1Lt. Orville F.S. Lorch of VMO-251. He was listed as MIA on 3 August 1944 following a strike on Tobera Airfield near Rabaul. His Corsair was hit by AA fire, damaging his engine. He was able to ditch his plane but could not escape from the cockpit. His body was not recovered. Photo came from his niece, Brenda Lorch Puttoff.
Finishing up the squadron's actions from Green Island (June 18-June 28, 1944) prior to its move to the Piva Airfields on Bougainville. The squadron got acclimated to the combat conditions they would be facing for the next several months. Their main target was the bypassed Japanese base at Rabaul.

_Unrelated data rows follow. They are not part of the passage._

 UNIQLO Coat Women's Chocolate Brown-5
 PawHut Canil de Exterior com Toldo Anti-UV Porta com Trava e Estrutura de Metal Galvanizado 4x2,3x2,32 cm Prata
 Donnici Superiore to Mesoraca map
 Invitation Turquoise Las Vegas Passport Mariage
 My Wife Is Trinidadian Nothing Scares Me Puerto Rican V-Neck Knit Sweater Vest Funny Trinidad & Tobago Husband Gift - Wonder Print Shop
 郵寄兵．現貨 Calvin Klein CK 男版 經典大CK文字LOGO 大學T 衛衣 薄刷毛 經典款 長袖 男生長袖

I quickly found out that Rabaul did not mean the town but an area in northeast New Britain that included several airfields, seaplane bases, supply dumps and a host of AA guns. To get an idea of the area check out the target map published in August 1943.

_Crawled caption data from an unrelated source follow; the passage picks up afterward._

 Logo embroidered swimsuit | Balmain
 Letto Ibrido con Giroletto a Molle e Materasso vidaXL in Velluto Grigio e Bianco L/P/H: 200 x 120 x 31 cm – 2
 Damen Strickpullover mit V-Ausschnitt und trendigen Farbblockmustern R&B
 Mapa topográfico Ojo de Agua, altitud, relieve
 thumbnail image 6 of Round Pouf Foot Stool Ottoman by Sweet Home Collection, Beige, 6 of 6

Chapter 4 of the squadron's WW2 history is finished. The next chapter will cover action out of Piva Airstrip on Bougainville. To celebrate, a poem written by VMO-251 Marine Albert Madden, possibly in October 1942. But first, the historical background:
As the Marines and the Navy valiantly defended the Solomon Islands, back in the United States there was talk of merging the Army, Navy and Marines into one fighting force. The idea was to streamline the services and maximize their striking power. All members would wear the same uniform, and be led by one commander. This move, if accepted, would no doubt destroy the identity and esprit de corps of each service. Corporal Albert Madden, one of three brothers serving with 251, wrote a poem that made it known how 251 Marines, and perhaps all Marines, felt about the proposal:
Aye, Poloticians, send us out
To light our country's war,
And while we're raising hell out here
Disband our gallant Corps.
Just tear the globe and anchor down,
Cut out the eagle's heart,
Clad us all in olive drab
And split us all apart.
Take our two-tone suits of blue
Reclaim our threadbare "greens"
But these traditions still belong
To the United States Marines.
Belleau Wood-Chateau Thierry
St. Mihiel-The Argonne
Wake Island-Midway-The Solomons
Where have those memories gone?
Far better to take our band
And group us all alone
(You'll have to search the far flung fronts
For you won't find us at home)
Then give us all the guns we need
With cartridges to spare
And send us to Japan itself
To make a landing there.
Beneath the canons' thundrous roar
On hot and bloody sand,
While "Wildcats" strafe from up above
Let us Leathernecks make our stand.
While the "Devil-Dog" insignia
Waves o'er the enemy's shore
Let the Gods of war decide
The disbandment of our Corps.
As I finish up Chapter 4 of the squadron's WW2 history, I am going to throw some figures at you. This chapter covers the squadron's rebuilding and transition to Corsairs prior to heading back to the PTO in February 1944. The training regimen started in September 1943 and ended in January 1944. If the accident rate the squadron suffered occurred today, there would be a massive investigation. Marine aviation training during WW2 has been neglected by historians -- next to nothing is available. Granted USMC aviation saw its largest expansion during the war and this expansion may have put a severe strain on resources. But was the loss rate the "price that had to be paid" to get the war won? Without an examination of Marine aviation training during the war, it's a hard question to answer.
Loss rate for the period of September 1943 - January 1944. Figures based on war diaries for the period as well as available accident reports. Please note that the numbers could change if more documents turn up.
Planes damaged (all types) -- 27
Planes destroyed (all types) -- 12
Pilots killed -- 4
Broken down by month (planes lost/planes damaged)
September 1943 -- 1/4 -- 1 pilot killed
October 1943 -- 5/6 -- 1 pilot killed
November 1943 -- 6/7 -- 2 pilots killed
December 1943 -- 0/8
January 1944 -- 0/2
Three of the four pilots killed are in the posted picture: Willey, O'Hara (records spell his name as O'Harra) and Merkel. The fourth pilot, Osterlund, died two weeks before the picture was taken. Osterlund is buried at Arlington National Cemetery.
Received an email a few days ago from the granddaughter of Albert Madden -- who along with his brothers Walter and John -- served with the squadron from 42 to 45. The three of them appeared on the September 1943 cover of the Hat Life. I've contacted the company for more info. Yes, they are still in business! The photo of the three Maddens (from L to R: Albert, Walter and John) was taken on Espiritu Santo in late 1942. I got a chuckle out of it! First a movie, then a magazine cover! I wonder what else I will find out before this book project is complete?